**Task data**
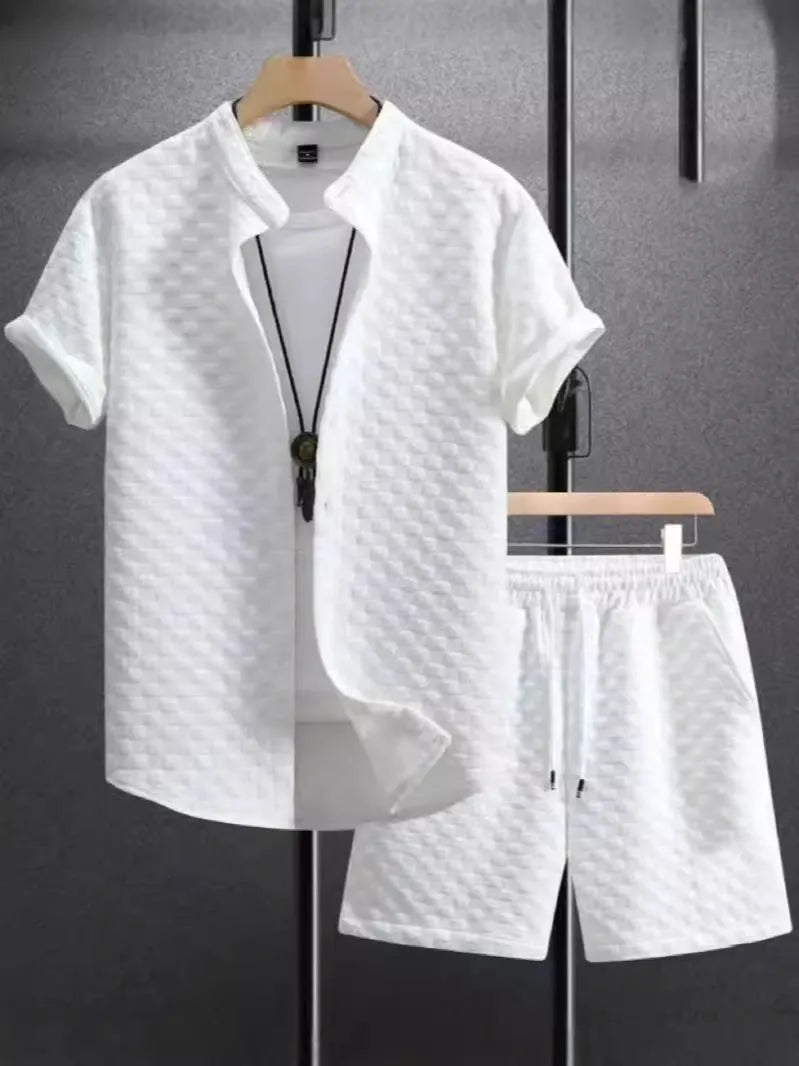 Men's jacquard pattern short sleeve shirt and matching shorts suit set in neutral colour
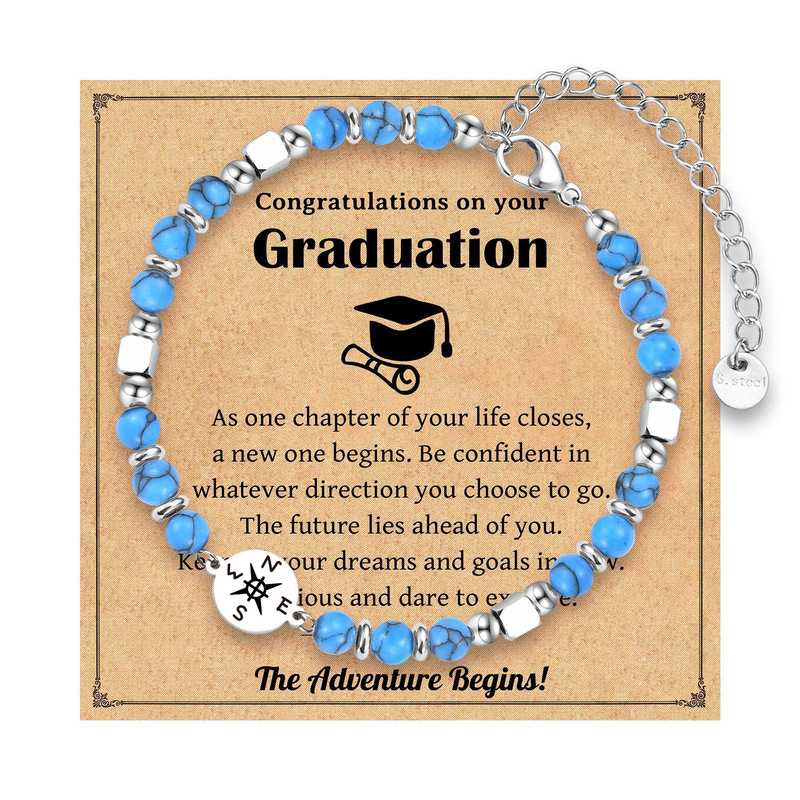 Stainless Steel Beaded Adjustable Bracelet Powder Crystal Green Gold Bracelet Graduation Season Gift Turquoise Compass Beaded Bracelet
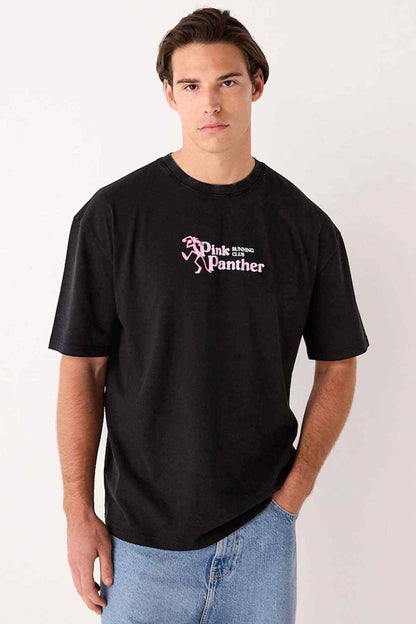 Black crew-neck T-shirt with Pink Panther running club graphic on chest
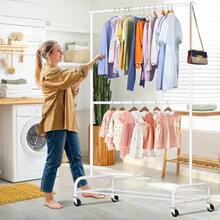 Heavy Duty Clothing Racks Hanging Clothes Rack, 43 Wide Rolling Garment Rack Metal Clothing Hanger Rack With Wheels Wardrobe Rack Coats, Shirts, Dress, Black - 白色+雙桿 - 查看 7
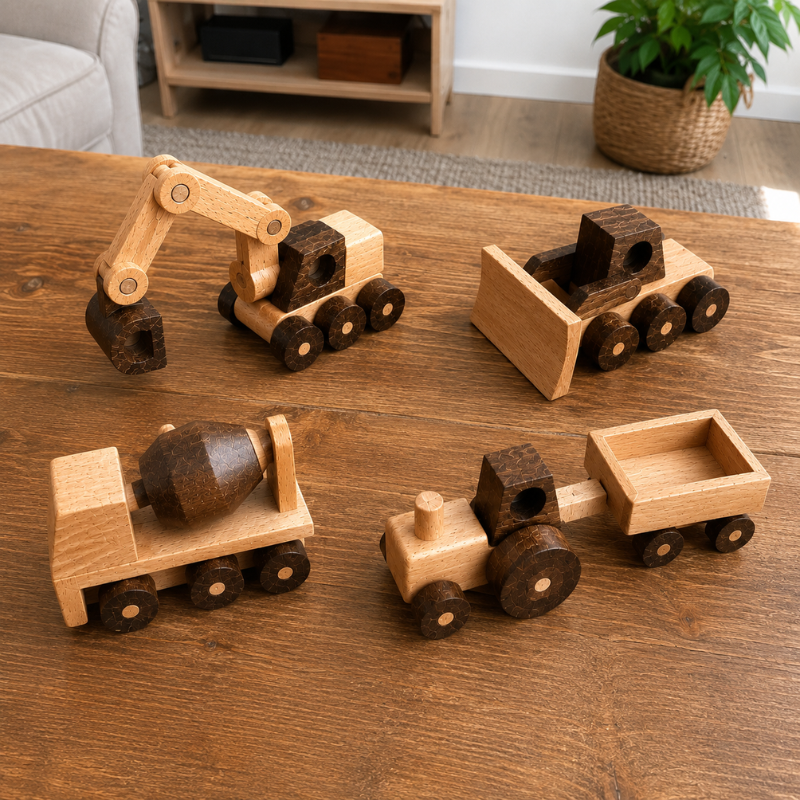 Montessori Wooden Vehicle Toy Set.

**Exercise requirements**
Write down exactly the lines running from the line with "Black crew-neck T-shirt" through the end of the material, both ends included, and none of the pictures.

**Response to the task**
 Black crew-neck T-shirt with Pink Panther running club graphic on chest
 Heavy Duty Clothing Racks Hanging Clothes Rack, 43 Wide Rolling Garment Rack Metal Clothing Hanger Rack With Wheels Wardrobe Rack Coats, Shirts, Dress, Black - 白色+雙桿 - 查看 7
 Montessori Wooden Vehicle Toy Set.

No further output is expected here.